Key points

In the beginning

It took more than 3 decades, but now gene therapy for blood cell diseases has become a clinical reality, as documented in the articles of this issue. From a bold vision proclaimed in editorials in the 1970s to 1980s, steady incremental improvements in the underlying technology and successive series of clinical trials have advanced the state of the field so that a first hematopoietic stem cell (HSC)-based gene therapy product has been licensed for marketing in the European Union, with several more likely to follow there and in the United States.
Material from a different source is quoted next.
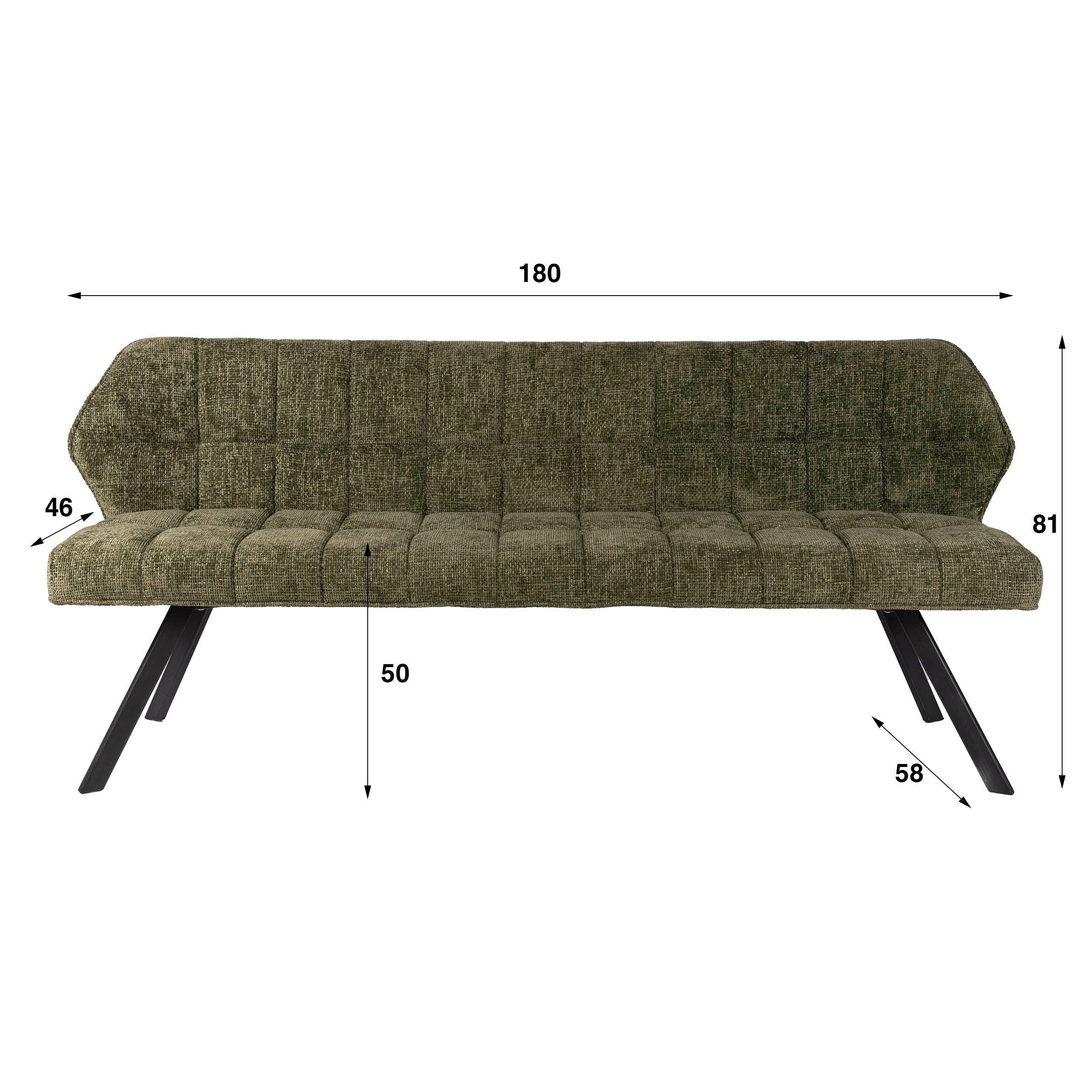 Maison ESTO Essbank Küchenbank RINO Esstischbank 180 cm grün weiches Chenille, frei im Raum stellbar - mit Rückenlehne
The origins of gene therapy lie within the origins of modern molecular biology. The capacity to clone human genes as complementary DNA (cDNA) led to isolation of clinically relevant genes such as beta-globin , HPRT , ADA , and DHFR . Gene transfer to mammalian cells began with the development of calcium phosphate transfection methods, using selectable marker genes such as HSV TK and DHFR . Early viral vectors derived from SV40 and Polyoma were also examined. Plasmids carrying the HSV TK gene or a human beta-globin cDNA were transfected into murine bone marrow (BM) cells and detected in vivo after cells were reinjected into mice.

The field of gene therapy for blood cell disorders suffered an early setback when an initial attempt was made to translate the results from murine studies to clinical gene therapy for beta-thalassemia. The method used was ex vivo transfection of BM cells using a plasmid containing a human beta-globin cDNA. Two patients with beta-thalassemia major with severely advanced clinical complications were treated. No clinically beneficial effects were detected, but no adverse effects resulted either (these results were never published). The study was performed in Italy and Israel at a time when there was no institutional review board approval to perform the studies at the primary US institution, due to concerns about insufficient preclinical efficacy data. The subsequent investigations led to censure of the lead scientist.

The history of gene therapy cannot be fully told without a tribute to the role that the National Institutes of Health (NIH) Recombinant DNA Advisory Committee (RAC) played for the clinical translation of gene therapy, at least in the United States. The RAC was formulated at NIH in the mid-1970s to provide guidance on policies to protect public safety as recombinant DNA technology was emerging, especially as potential biohazards were addressed by the scientific community at the landmark Asilomar meetings. Following the violation of rules in the initial beta-globin gene transfer study, the Human Gene Therapy Subcommittee (HGTS) of the RAC was tasked by NIH Director Donald Fredrickson with formulating rules for review and conduct of federally funded clinical trials of gene therapy. Over the next decade, the HGTS developed a process for applying for permission from the NIH to perform clinical investigations of gene therapy. The existence of this highly rational and well-considered body obviated passage of legislation to govern this activity. The RAC played a very active role in shaping the conduct of gene therapy trials in the early days under public purview. Its role has been successively rolled back over time as greater experience was gained with clinical gene therapy, and the RAC has increasingly focused on novel issues of biosafety, and less on details of clinical trial design and performance.